Chinese businessman and entrepreneur (born 1960)

Wang Zhongjun, also known as Dennis Wang (王中军; born November 30, 1960), is a Chinese billionaire businessman, film producer and art collector. He and his brother Wang Zhonglei (a.k.a. James Wang) founded the Chinese entertainment company Huayi Brothers.

== Career ==
He was born in Beijing, into a family in the military.
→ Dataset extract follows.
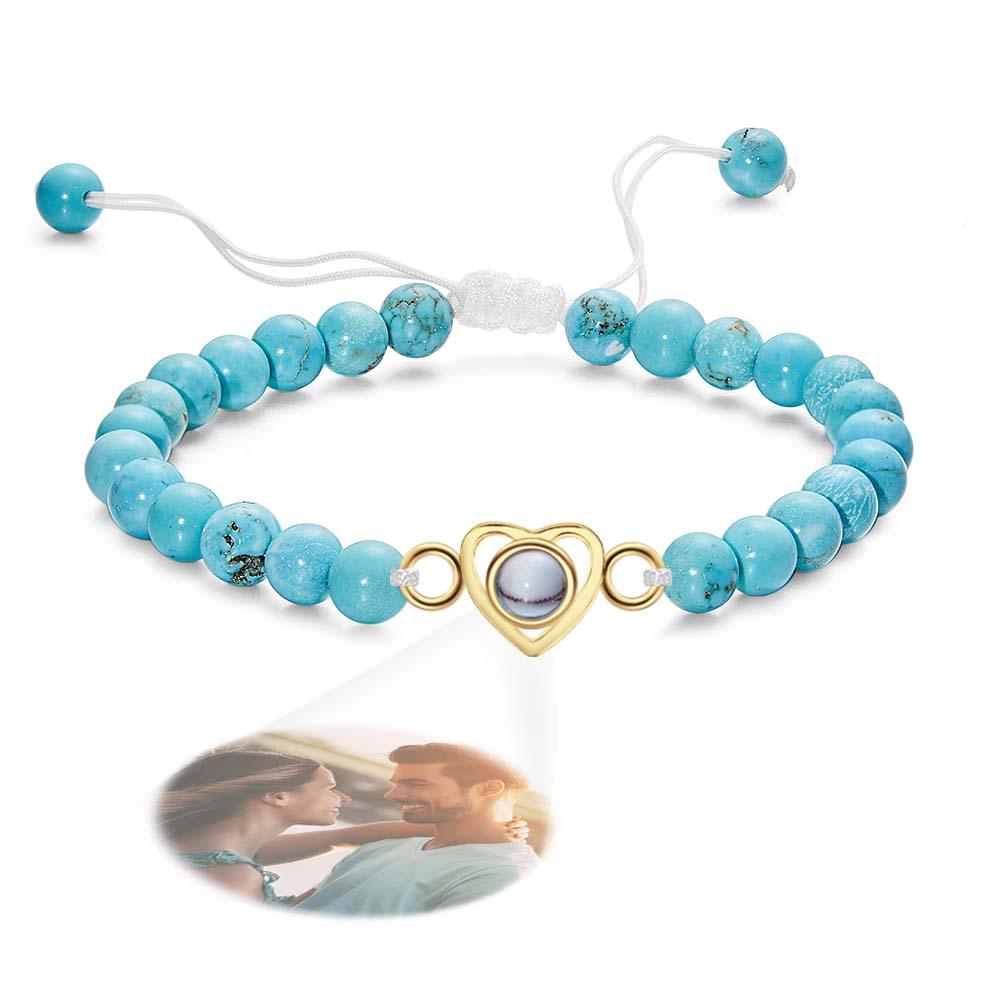 Personalized Photo Projection Beads Bracelet Heart-Shaped Bracelet Beautiful Gift For Her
Wang bought Vincent van Gogh's 1890 painting Still Life, Vase with Daisies and Poppies for $61.8 million in November 2014. In May 2015, Wang bought Pablo Picasso's Femme Au Chignon Dans Un Fauteuil for $29.93 million. In May 2016, Wang bought a letter written by the 11th century Chinese scholar Zeng Gong for ¥ 207 million, setting a new record for a piece of Chinese letter.

Wang was ranked by Forbes as the 309th richest person in China in 2015, with a net worth of $1 billion.